Federal Direct Loans
(FDSLP) loans or "Direct Loans", administered by "Direct Lending Schools", are provided by the US government directly to Beulah Heights University students and their parents. The Federal Government pays interest on the subsidized loan while the student is in school. Students are required to pay interest on their unsubsidized loan while they are in school. Students are responsible to pay all the interest, although you can have the payments deferred until after graduation.
Direct and Direct Plus Loan
Student who wishes to receive a Direct Loan must complete a Free Application for Federal Student Aid (FAFSA) and a Master Promissory Note (MPN). A student may obtain an MPN from Beulah Heights University through the Virtual Financial Aid Office or the Department of Education. An MPN can be used to make multiple loans for multiple years of borrowing. Student and parent borrowers can log onto the Web and complete the MPN for Direct Stafford and PLUS loans at http://studentloans.gov.

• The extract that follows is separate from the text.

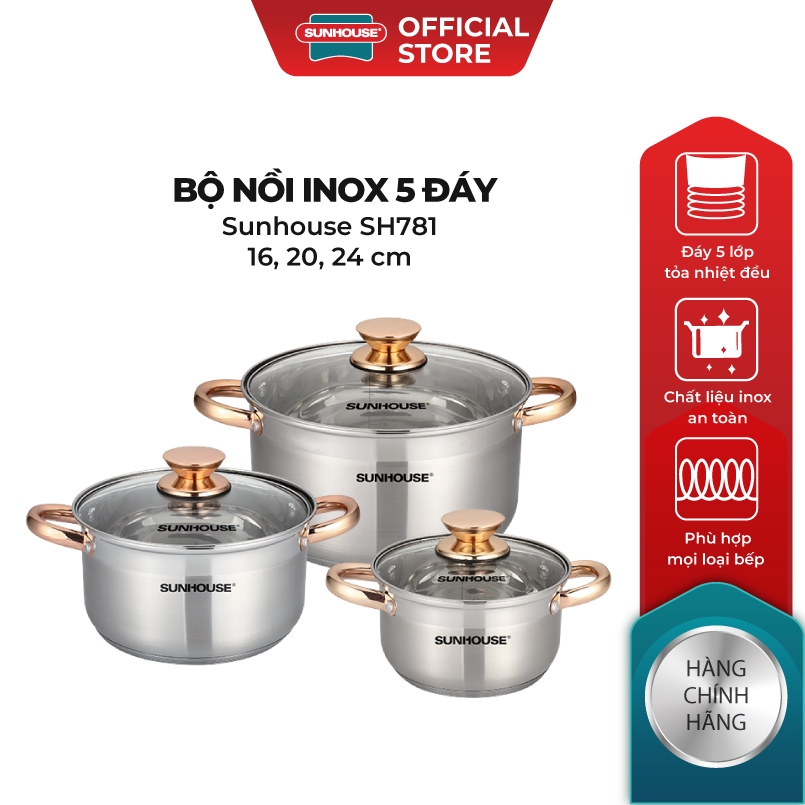 Bộ nồi inox 5 đáy Sunhouse SH781 - gồm 3 nồi với đường kính 16cm-20cm-24cm - Đáy từ dùng mọi loại bếp - 5 lớp đáy - Ảnh 2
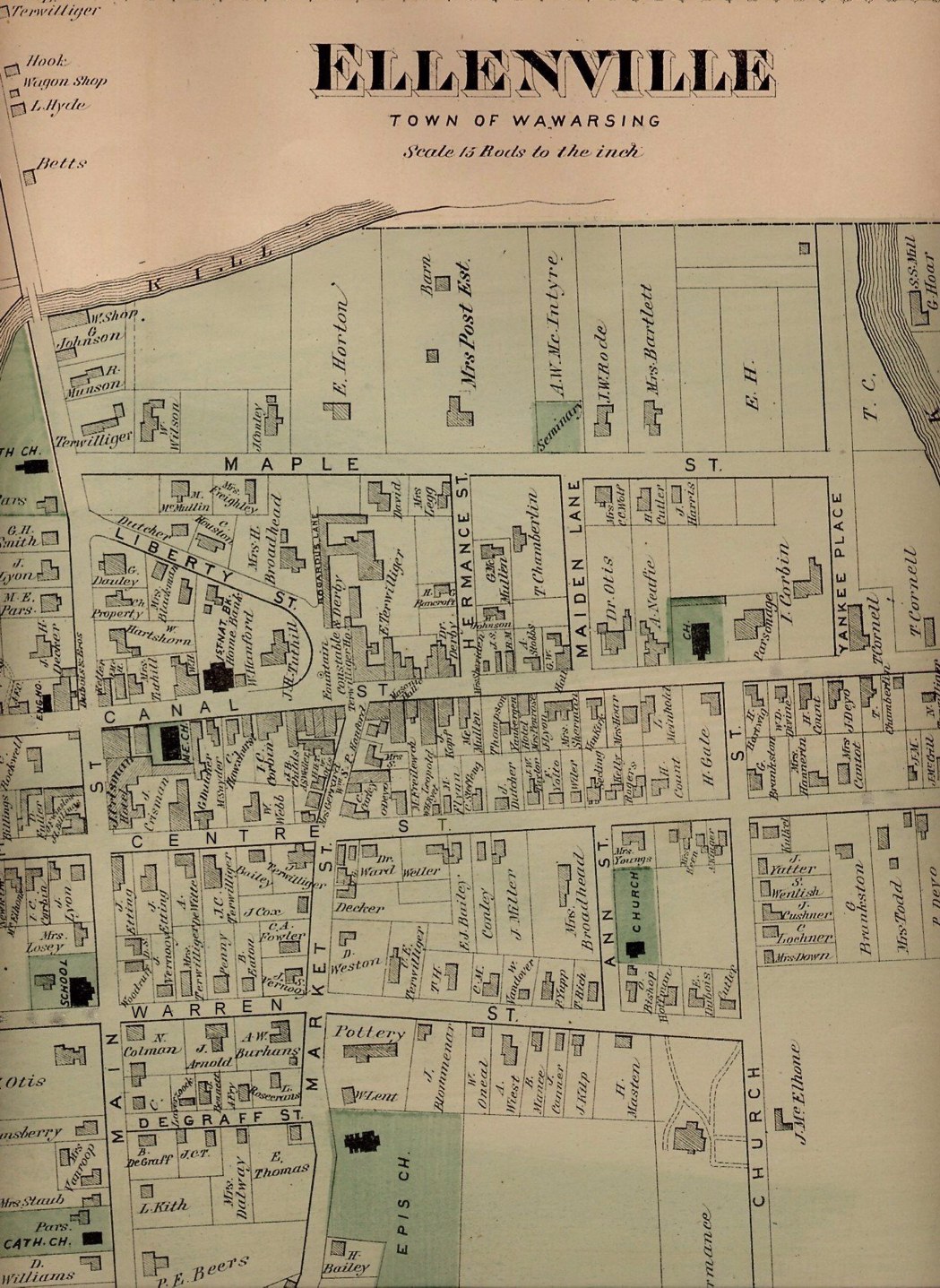 Larger View Ellenville Street Map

Parents and graduate students applying for a PLUS loan must complete a PLUS Application and Master Promissory Note. All student PLUS borrowers must complete a FAFSA. A parent borrower must complete a FAFSA. All PLUS borrowers will receive the Borrower's Rights and Responsibilities statement with the loan application. Concerning a Direct PLUS loan, students or parents of dependent students may obtain additional loans based on the original MPN for up to 10 years after the date the parent first signed.
The Federal Direct PLUS loan enables parents of dependent students and graduate students with good credit histories to borrow up to the student's cost of attendance minus other estimated financial assistance under the Direct Student Loan program. Therefore, a graduate student has additional PLUS eligibility beyond the maximum subsidized and unsubsidized loan limits.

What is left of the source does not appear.